Too Late for a Mortality Benefit
It’s good to keep patients with AHF out of the hospital, but ultimately, the expectation that diet can alter the course of heart failure, a disease with such a dire prognosis, is perhaps misguided, Dr Valentin Fuster (Icahn School of Medicine at Mount Sinai, New York, NY) senior author of a related editorial[2], told theheart.org | Medscape Cardiology.
“Diet can certainly be very meaningful for primary prevention or for cardiac disease that is stable, but the people in this study had acute heart failure, they were very old, they had many comorbidities, so how can you expect you are going to have an impact that is positive with the Mediterranean diet in a population with this prognosis?” Fuster said in an email.
He continued, “The Mediterranean diet has been found to be of significant help in the primary prevention of cardiovascular disease, but once the disease is very advanced, diet may not be sufficient to counteract this bad prognosis, although, as this study shows, it may still play a role in reducing rehospitalization.
“When we talk about diets, we have to be sure that we are talking about their utility in a group of individuals in whom the prognosis is not overwhelmingly bad.”

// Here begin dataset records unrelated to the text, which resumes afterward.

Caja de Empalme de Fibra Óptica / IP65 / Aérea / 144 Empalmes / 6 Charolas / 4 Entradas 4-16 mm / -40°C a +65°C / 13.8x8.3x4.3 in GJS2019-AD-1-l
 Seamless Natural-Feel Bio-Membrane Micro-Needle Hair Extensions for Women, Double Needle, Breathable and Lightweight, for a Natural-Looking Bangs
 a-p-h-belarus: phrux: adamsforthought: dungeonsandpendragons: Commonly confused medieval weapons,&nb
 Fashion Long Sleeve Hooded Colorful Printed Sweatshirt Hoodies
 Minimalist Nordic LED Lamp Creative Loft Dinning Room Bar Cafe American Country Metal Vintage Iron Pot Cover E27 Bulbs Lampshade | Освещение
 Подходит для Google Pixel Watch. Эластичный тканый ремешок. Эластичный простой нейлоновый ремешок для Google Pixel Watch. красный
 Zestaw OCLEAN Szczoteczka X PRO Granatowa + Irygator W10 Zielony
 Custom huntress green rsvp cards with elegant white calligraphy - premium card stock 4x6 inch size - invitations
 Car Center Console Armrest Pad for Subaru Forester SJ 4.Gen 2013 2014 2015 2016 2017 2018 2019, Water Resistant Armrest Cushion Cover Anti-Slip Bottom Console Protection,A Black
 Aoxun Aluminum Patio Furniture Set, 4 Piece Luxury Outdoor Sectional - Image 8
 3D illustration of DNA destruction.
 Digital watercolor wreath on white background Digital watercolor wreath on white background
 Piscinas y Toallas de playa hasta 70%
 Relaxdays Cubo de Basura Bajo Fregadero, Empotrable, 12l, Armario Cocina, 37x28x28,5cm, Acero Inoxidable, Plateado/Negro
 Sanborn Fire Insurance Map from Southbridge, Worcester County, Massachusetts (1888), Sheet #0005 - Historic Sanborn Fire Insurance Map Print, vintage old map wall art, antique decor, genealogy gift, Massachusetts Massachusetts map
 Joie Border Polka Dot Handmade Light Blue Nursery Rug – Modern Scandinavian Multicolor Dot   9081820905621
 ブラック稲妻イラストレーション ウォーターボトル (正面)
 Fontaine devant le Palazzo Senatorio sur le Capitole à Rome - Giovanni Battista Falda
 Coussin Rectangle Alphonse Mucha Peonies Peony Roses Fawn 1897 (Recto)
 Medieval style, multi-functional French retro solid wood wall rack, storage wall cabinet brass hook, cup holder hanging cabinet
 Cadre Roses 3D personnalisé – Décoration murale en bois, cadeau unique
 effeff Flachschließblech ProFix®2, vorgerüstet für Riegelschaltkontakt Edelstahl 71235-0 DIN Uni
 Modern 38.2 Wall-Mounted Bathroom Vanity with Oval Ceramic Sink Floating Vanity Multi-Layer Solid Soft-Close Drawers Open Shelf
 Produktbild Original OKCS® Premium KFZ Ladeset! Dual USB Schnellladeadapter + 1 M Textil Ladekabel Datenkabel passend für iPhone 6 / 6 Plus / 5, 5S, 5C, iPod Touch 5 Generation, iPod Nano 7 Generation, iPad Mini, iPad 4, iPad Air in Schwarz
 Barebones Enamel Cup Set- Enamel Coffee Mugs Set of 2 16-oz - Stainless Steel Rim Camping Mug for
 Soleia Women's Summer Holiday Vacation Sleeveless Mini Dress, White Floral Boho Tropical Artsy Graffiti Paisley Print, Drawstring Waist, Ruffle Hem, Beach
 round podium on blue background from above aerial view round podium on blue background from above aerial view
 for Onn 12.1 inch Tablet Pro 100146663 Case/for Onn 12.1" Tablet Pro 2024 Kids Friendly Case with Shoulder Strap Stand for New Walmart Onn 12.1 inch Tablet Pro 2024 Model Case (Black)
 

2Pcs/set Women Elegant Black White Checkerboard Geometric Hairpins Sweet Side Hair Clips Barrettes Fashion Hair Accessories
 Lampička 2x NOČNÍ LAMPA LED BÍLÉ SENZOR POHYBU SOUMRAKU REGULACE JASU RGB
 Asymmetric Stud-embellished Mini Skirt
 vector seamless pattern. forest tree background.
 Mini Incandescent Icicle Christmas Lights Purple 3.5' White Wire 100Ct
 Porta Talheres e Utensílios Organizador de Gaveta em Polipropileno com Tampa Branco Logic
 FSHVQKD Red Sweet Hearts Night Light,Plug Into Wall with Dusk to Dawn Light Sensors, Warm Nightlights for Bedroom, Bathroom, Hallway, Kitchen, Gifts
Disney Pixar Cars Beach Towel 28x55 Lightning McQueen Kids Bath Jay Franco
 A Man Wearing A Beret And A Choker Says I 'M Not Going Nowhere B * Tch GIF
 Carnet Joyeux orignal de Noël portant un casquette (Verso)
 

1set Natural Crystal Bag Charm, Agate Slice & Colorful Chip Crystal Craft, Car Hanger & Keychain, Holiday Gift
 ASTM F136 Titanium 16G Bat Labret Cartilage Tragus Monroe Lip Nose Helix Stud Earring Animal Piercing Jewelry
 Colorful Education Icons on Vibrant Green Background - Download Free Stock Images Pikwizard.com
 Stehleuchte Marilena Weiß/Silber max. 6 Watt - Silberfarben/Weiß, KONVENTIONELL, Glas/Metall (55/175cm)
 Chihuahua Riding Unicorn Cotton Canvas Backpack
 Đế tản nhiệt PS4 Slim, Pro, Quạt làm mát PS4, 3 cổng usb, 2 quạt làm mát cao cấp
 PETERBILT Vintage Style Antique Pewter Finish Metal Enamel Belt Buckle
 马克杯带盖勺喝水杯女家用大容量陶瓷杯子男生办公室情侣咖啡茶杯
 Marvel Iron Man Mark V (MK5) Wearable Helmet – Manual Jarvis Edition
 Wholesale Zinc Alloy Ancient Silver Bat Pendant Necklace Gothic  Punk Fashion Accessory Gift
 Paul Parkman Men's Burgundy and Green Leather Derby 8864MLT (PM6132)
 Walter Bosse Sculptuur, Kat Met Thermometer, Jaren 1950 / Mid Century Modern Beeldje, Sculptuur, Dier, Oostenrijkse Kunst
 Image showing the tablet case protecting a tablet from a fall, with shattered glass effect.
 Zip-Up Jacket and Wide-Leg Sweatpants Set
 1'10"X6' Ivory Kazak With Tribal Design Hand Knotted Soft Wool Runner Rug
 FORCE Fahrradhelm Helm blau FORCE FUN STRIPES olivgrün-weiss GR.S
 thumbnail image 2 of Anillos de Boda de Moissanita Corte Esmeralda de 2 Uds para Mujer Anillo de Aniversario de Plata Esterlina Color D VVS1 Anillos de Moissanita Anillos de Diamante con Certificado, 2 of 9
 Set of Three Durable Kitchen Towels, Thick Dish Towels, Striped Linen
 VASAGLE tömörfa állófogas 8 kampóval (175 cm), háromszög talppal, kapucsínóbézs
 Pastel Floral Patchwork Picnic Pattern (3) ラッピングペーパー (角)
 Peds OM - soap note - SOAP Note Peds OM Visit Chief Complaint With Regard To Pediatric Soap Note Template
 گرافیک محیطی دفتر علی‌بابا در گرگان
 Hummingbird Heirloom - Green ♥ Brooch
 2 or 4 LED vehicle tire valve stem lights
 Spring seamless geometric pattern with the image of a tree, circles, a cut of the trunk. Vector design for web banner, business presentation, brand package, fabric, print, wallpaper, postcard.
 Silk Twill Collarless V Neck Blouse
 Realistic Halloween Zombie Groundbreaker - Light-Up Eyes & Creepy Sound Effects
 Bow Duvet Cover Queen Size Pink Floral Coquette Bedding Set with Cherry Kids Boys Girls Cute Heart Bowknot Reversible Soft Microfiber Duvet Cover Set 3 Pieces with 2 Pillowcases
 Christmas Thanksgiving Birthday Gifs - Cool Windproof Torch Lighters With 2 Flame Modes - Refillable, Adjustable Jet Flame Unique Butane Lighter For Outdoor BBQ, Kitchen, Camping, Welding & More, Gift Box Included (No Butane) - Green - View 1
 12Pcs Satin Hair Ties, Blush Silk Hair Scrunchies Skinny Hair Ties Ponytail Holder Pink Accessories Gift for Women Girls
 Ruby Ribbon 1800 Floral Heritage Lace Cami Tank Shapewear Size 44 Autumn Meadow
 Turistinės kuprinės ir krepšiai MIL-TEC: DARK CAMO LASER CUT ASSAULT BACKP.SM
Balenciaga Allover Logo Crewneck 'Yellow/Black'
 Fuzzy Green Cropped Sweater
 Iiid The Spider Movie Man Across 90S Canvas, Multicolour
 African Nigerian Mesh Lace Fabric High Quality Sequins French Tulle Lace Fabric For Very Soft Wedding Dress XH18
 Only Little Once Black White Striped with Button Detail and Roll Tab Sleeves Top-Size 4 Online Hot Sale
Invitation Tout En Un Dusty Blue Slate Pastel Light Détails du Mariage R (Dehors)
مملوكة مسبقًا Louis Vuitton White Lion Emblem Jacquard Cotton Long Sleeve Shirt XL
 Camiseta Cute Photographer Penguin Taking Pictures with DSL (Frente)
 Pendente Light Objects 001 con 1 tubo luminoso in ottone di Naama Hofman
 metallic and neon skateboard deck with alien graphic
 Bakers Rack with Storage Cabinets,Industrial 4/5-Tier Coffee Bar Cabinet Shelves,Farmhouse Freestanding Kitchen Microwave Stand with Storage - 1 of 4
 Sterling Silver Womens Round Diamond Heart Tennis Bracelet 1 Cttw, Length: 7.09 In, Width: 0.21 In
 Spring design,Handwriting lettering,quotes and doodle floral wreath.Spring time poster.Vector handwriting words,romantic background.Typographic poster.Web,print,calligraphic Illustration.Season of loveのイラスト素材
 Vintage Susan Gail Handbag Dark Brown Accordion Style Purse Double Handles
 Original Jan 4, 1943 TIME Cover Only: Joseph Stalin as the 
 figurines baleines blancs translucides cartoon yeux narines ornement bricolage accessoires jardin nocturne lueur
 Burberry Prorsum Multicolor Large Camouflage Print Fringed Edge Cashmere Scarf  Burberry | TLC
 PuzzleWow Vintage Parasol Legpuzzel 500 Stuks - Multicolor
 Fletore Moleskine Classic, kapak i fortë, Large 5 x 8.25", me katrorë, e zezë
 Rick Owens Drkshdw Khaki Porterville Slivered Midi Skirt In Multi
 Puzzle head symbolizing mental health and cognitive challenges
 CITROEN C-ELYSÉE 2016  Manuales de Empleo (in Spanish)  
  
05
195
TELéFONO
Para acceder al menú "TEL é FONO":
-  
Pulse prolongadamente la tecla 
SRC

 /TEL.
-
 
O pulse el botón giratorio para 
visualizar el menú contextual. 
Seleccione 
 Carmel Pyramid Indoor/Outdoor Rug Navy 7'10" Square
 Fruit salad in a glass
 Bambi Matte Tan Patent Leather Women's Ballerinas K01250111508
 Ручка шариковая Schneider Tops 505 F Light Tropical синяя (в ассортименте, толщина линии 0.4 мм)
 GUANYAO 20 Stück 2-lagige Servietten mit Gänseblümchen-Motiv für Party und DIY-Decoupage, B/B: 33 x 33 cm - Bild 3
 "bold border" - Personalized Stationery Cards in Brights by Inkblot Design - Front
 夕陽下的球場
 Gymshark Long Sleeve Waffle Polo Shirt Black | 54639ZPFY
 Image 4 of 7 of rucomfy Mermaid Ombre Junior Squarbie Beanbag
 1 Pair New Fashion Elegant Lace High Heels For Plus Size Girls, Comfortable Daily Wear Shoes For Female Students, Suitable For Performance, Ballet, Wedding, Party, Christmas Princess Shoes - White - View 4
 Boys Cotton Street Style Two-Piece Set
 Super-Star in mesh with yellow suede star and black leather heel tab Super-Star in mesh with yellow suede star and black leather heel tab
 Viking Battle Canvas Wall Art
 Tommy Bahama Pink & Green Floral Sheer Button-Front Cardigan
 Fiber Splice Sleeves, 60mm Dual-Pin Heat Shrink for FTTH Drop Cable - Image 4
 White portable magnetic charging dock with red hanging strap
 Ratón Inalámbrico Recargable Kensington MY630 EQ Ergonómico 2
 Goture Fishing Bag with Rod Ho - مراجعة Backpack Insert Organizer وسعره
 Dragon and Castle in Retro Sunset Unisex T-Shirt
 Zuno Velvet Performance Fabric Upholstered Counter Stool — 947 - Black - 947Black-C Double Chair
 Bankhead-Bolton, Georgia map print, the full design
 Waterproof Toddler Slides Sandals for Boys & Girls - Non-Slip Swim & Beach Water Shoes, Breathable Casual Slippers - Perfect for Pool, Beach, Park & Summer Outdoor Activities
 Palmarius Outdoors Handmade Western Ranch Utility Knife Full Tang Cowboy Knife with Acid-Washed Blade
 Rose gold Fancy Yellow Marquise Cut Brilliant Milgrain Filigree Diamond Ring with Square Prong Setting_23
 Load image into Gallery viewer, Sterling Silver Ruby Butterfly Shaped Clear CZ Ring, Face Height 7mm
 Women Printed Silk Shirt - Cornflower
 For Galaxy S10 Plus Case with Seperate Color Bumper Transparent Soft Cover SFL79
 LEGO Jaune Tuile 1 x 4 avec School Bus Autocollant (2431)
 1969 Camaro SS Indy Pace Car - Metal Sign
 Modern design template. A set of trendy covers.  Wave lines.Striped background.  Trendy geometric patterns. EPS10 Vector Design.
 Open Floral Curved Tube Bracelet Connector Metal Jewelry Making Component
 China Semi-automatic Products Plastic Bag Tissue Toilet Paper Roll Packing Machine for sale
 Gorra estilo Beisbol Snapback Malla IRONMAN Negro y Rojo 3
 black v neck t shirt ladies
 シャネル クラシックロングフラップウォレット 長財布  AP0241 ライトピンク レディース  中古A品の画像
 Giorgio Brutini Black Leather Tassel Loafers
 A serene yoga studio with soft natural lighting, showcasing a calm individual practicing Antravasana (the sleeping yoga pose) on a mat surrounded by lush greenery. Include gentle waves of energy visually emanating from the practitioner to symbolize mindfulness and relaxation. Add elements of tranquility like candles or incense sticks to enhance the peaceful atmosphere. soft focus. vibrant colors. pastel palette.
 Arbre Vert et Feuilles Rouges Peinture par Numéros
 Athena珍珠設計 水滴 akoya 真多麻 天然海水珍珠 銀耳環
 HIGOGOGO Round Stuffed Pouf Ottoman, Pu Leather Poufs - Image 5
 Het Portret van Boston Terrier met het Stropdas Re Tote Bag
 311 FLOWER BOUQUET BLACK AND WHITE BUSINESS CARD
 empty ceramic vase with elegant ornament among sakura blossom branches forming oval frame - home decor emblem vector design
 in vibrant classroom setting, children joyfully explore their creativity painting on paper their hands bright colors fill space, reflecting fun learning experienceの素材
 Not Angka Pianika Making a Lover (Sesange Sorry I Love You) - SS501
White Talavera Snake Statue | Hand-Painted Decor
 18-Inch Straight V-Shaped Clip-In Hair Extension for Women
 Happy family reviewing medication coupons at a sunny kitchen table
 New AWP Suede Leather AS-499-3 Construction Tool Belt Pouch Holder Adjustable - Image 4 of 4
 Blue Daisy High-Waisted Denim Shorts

An Outcome Not to Be Discounted
The editorial, led by Dr Sumeet Mitter (Icahn School of Medicine at Mount Sinai, New York, NY), notes there is a biological plausibility for the Mediterranean diet tempering the clinical syndrome of heart failure, “namely, that the consumption of foods high in polyphenol and monosaturated fat content could increase plasma nitric oxide and also act as antioxidants and anti-inflammatory agents that could have led to a decrease in admissions for heart failure.”
Although mortality benefit remains the gold-standard outcome in cardiovascular studies, the editorialists write, “The finding of fewer heart-failure admissions is not insignificant. In an elderly population afflicted with heart failure, reducing heart-failure admissions so that further time is spent at home or with family may be associated with improved quality of life—a goal that should not be underestimated for this population.”
The study was supported by grants from the Instituto de Salud Carlos III, the Spanish Ministry of Health and FEDER, Fundació La Maratóo de TV3, and the Catalonia Govern for Consolidated Groups of Investigation. The ICA-SEMES Research Group has received unrestricted support from Orion Pharma and Novartis. The authors report they have no relevant financial relationships, as do the editorialists.